TIL: Using waitpid to handle zombie processes without blocking parent process

2022-06-05 00:00:00 +0000 UTC

The fundamental parallelism primitive on Unix systems is the process. When writing C programs, a new process is spawned using the pid_t fork(void) syscall. A C program follows that shows the basic use of fork:

#include <unistd.h>
#include <sys/types.h>
#include <stdio.h>

int main(void) {
	pid_t pid = fork();

	if (pid < 0) {
		perror("fork error");
		return 1;
	}

	if (pid > 0) {
		puts("We are in the parent process!");
	}

	if (pid == 0) {
		printf("We are in a child process with PID %d\n", getpid()); // on my system pid_t is a signed 32 bit integer
		return 0;
	}

	return 0;
}

However in a longer-running program that may spawn many child processes, we may inadvertantly generate zombie processes. A zombie process is a Unix process that has had its execution terminated but cannot be cleaned up by the OS. Processes whose execution has ended are kept around with some data required to allow the parent process to send resumption signals to the child.

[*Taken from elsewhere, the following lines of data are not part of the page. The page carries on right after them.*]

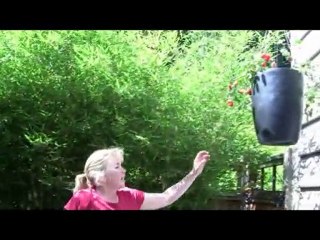 Oct. 31/10 Senga's Vlog - Edible Plants You Can Grow in Pots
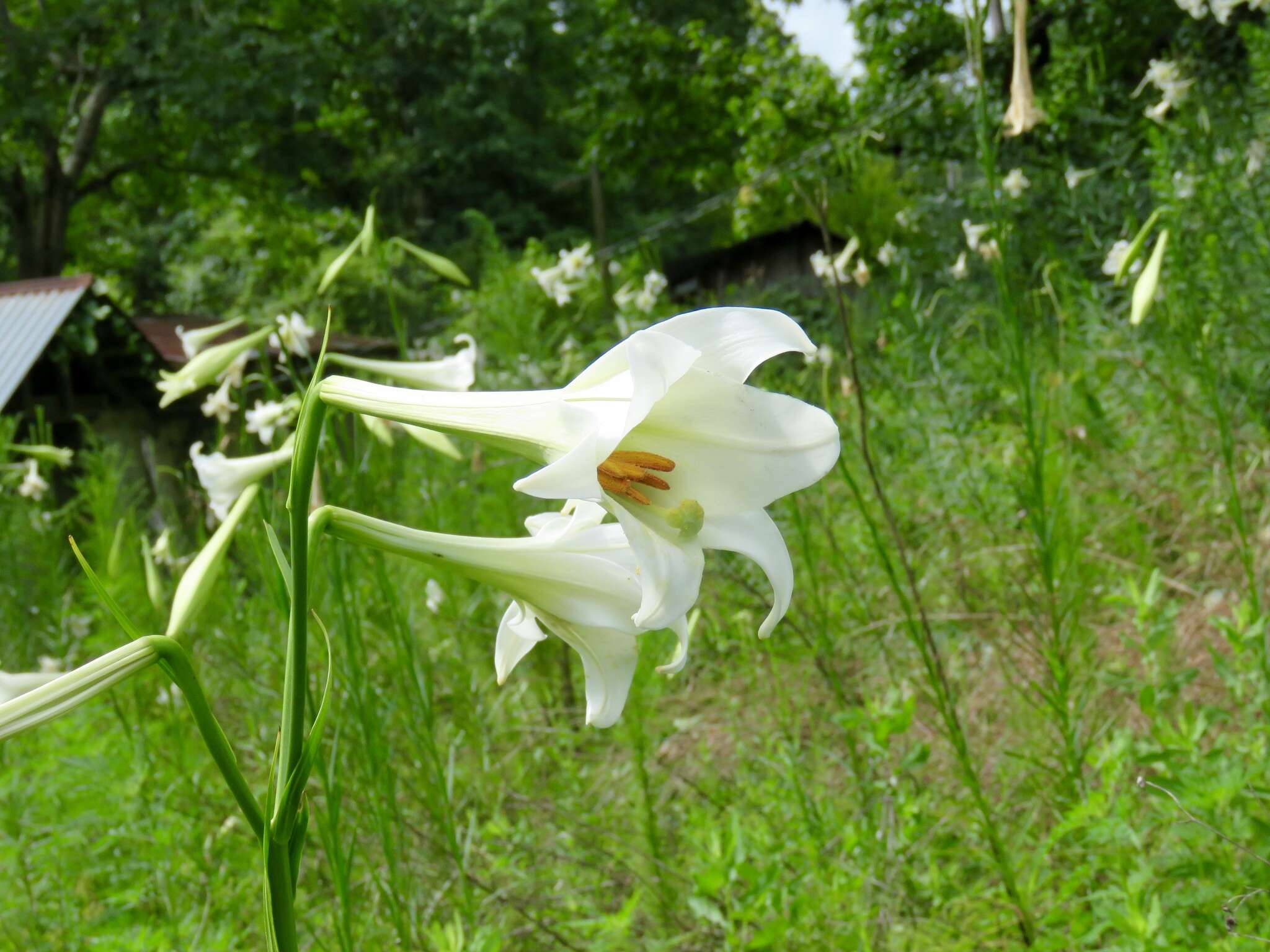 Image of Philippine lily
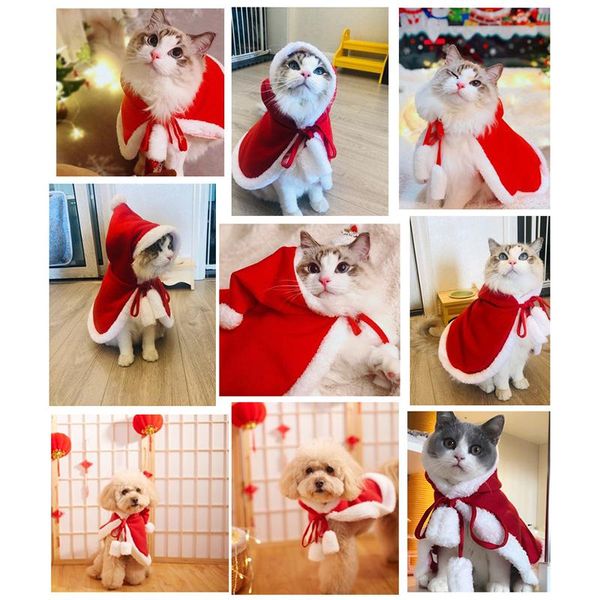 dog apparel creative pet cloak christmas halloween funny cat clothes
dog apparel creative pet cloak christmas halloween funny cat clothes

To let the OS know these processes can be cleaned up, we have to use a syscall in the waitpid family. Typically, these calls are blocking:

#include <sys/wait.h>
#include <sys/types.h>
// ... child processes ongoing ...

if (pid > 0) {
	// we are in the parent process
	int* pstat = 0;
	pstat = malloc(sizeof(int));

	// the following call to wait(...) will block until a child process terminates
	// equivalent to waitpid(-1, pstat, 0)
	pid_t pid = wait(pstat);
	
	// ...
}

If we need to continue execution on our parent process despite the status of child processes, we can instead set up a parent process main loop like this:

for(;;) {
	if (pid > 0 ){
		int* pstat = 0;
		pstat = malloc(sizeof(int));

		// when waitpid is called with the option WNOHANG, it returns 0
		// if no child process has changed state
		while(waitpid(-1, pstat, WNOHANG)) {
			// do something to handle each terminated child process
		}

		// the rest of our parent process main loop continues here
	} else if (pid == 0) {
		// child process work here
	}
}

The option flag WNOHANG causes waitpid to immediately return 0 if no child process has changed state since the last call. This allows us to continue work in the parent process while child processes continue to operate.

Documentation links from above: * man 2 fork * man 2 waitpid

Tags: til c linux